The outlines of the new programme are still barely visible, but will become more so in the months to come, as an embryonic private sector begins to re-emerge. In 1968, at the height of the Prague Spring, Fidel shut down all small enterprises, as well as cafes, bars and nightclubs, accusing them of fostering a counter-revolution. Havana and Cuba's other cities soon lost much of their sophisticated charm. The commanding heights of the economy were already in the hands of the state by then, so the attack on tiny businesses seemed motivated more by ideological severity than economic necessity.

Today the wheel has turned full circle and the small-scale private enterprises that characterise a city, and make it worth living in, will return. Yet the changes outlined this week have more to do with the wider plan for the future economic organisation of the country than any desire to make the cities more attractive. The plan has been worked on and endorsed by the country's powerful state trade union federation, and there is no doubt that the new policies will be well received by most people.

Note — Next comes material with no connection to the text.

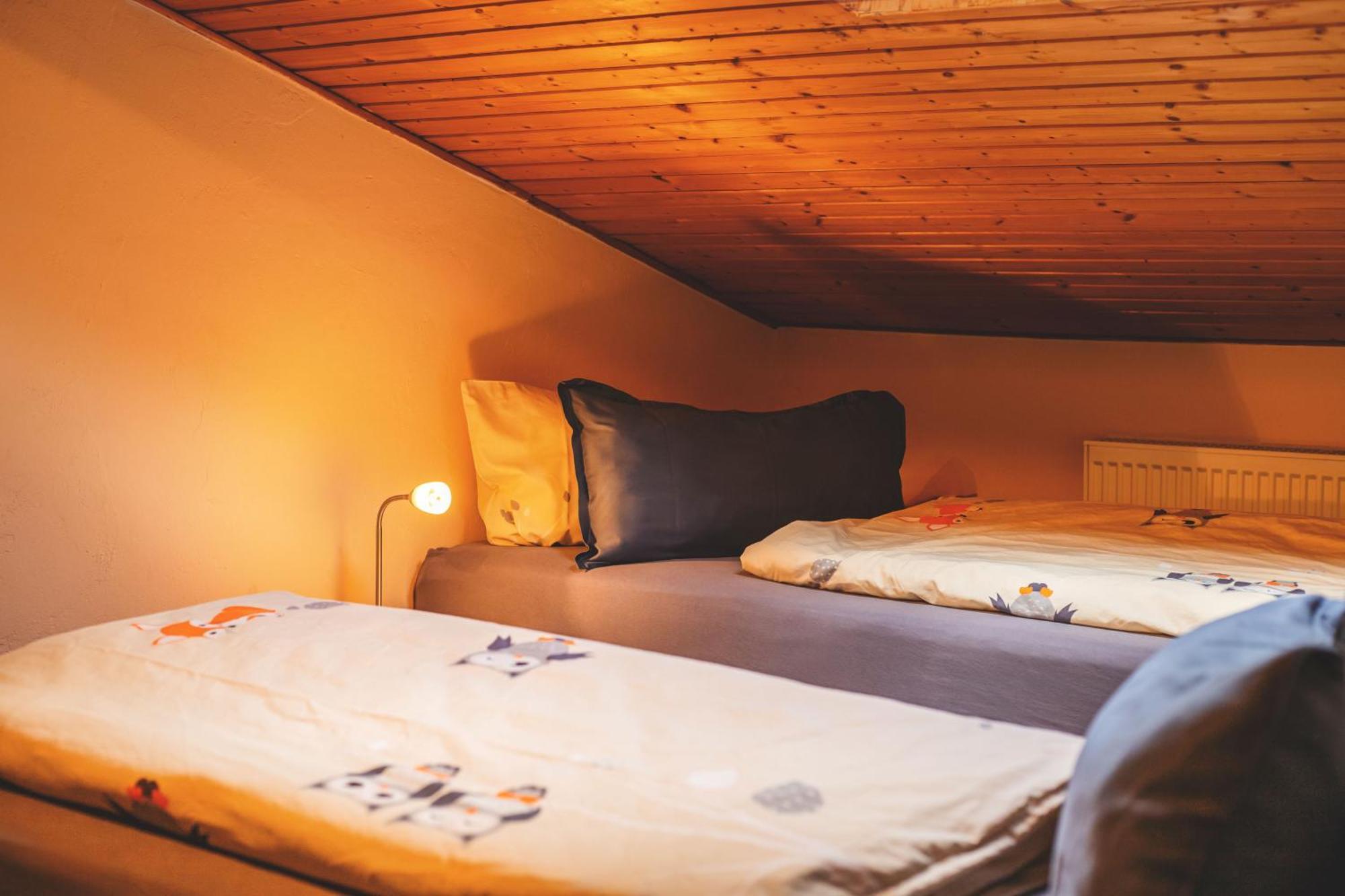 Apartmán Eulennest Drefahl Exteriér fotografie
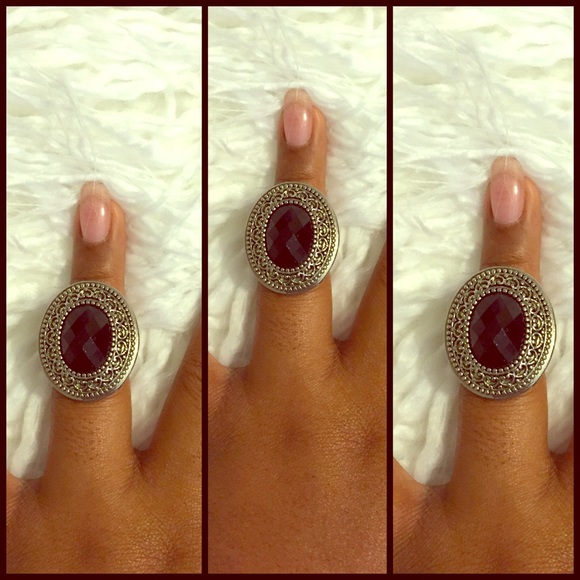 Sterling Silver Ring!!!!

The Cubans are by no means thirsting to embrace the capitalist system, as some commentators have suggested, but they are certainly ready to take more responsibility for their own lives. Unlike many other people in Latin America (or indeed in the US), they are well educated, well looked after, and healthy. The state will not just throw the workers in at the deep end. There will be programmes of training to ease the move from state employment into the world of private enterprise.

This is the first step in the reorganisation of the Cuban economy, and the Cubans are fortunate in having the powerful backing of oil-rich Venezuela. Hugo Chávez will be helpful during this transition period, not least because the Cubans will be moving closer to the mixed economy that he has always favoured. The current arrangements, with Cuban doctors working in Venezuela and being paid for with subsidised oil, work well for both parties.

But what of the larger question of the wider economic framework? The Cubans, government and population, have been well informed about the collapse of the communist system in Russia and eastern Europe, and its replacement by unbridled capitalism of the most vicious and corrupt kind. There is little enthusiasm to start down that road. Nor does anyone want to see the rich Cuban millionaires in Florida returning to reclaim their homeland. (Nor, to be fair, do most of the millionaires.)

So, with private enterprise back on the agenda, the Cubans will soon have to formulate a strategy for relinking their economy with the wider world. Much has already been done. Cuba trades with Latin America with few problems, as it does with Canada, Europe and Asia, and of course with Russia and China. Even US agricultural produce now arrives by regular boat.

Foreign investment is another matter. Cuba wants a decent relationship with the US, and an end to the economic embargo, but it will be a long time before it welcomes foreign investment without strings attached. The Cuban revolution was always more nationalist than socialist, and while elements of socialism can be surrendered relatively easily, the nationalist achievements of the past half-century will not be lightly abandoned. The Cuban model, however modified, has life in it yet.